(Crawled caption data)
....

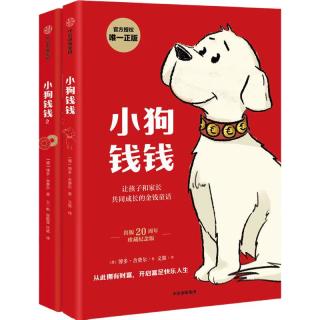 《小狗钱钱》（套装全2册）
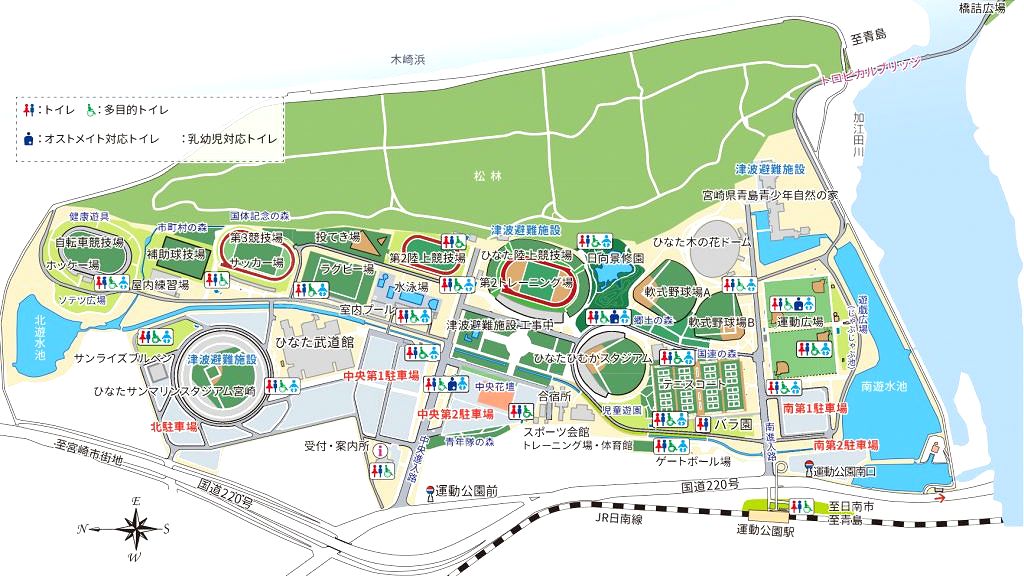 ひなた宮崎県総合運動公園・サンマリンスタジアム・木の花ドーム（車で25分）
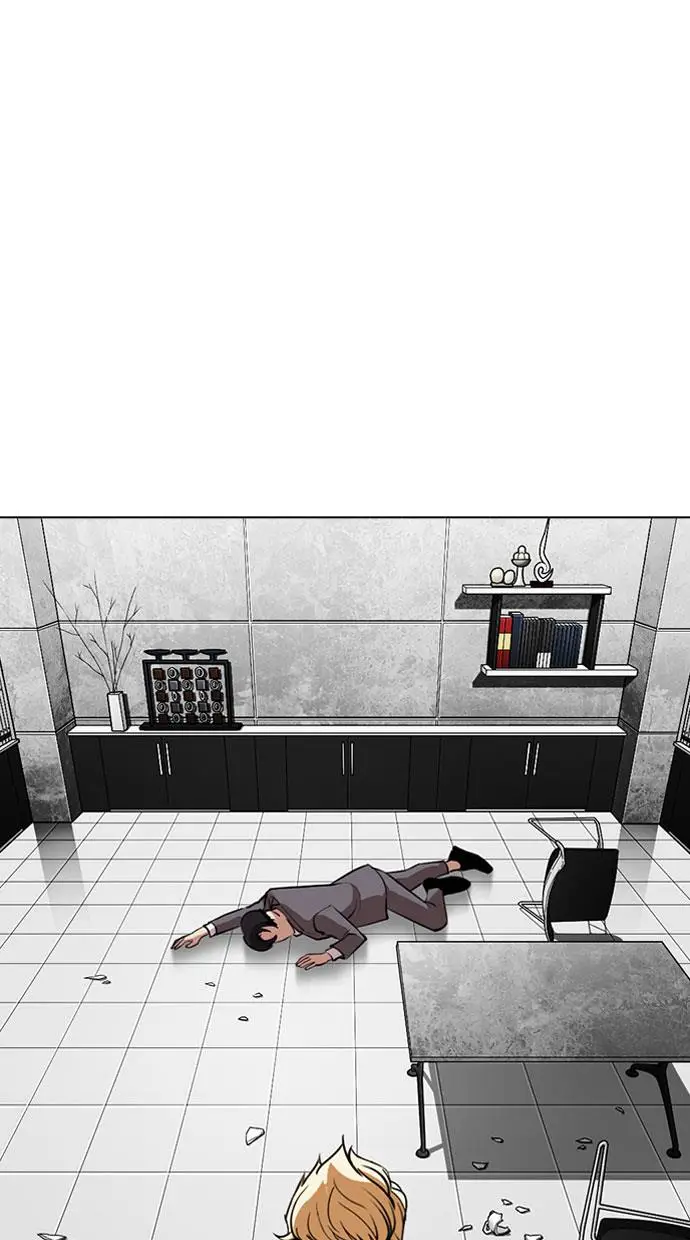 image-komik-lookism-chapter-293-53/152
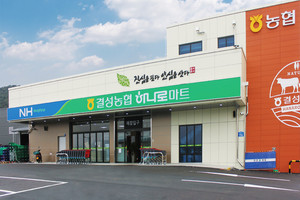 지난 23일 개점식을 갖고 정식으로 오픈한 결성농협 하나로마트 전경.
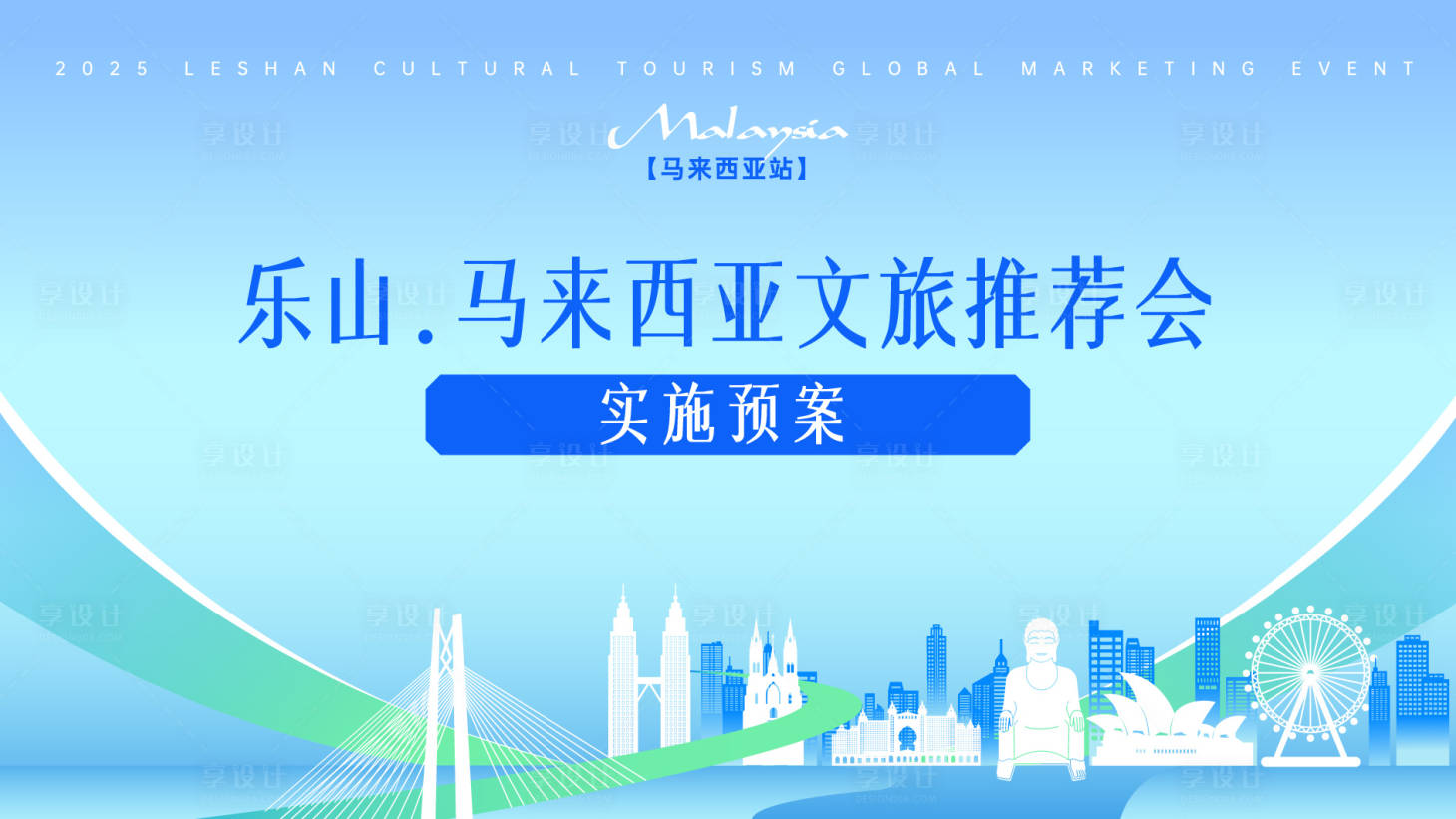 源文件下载【享设计】搜索编号：84610034859414669【主画面】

....

-- About this task --
Output the records exactly, and let none of their pictures appear in the copy.

-- Answer box --
 《小狗钱钱》（套装全2册）
 ひなた宮崎県総合運動公園・サンマリンスタジアム・木の花ドーム（車で25分）
 image-komik-lookism-chapter-293-53/152
 지난 23일 개점식을 갖고 정식으로 오픈한 결성농협 하나로마트 전경.
 源文件下载【享设计】搜索编号：84610034859414669【主画面】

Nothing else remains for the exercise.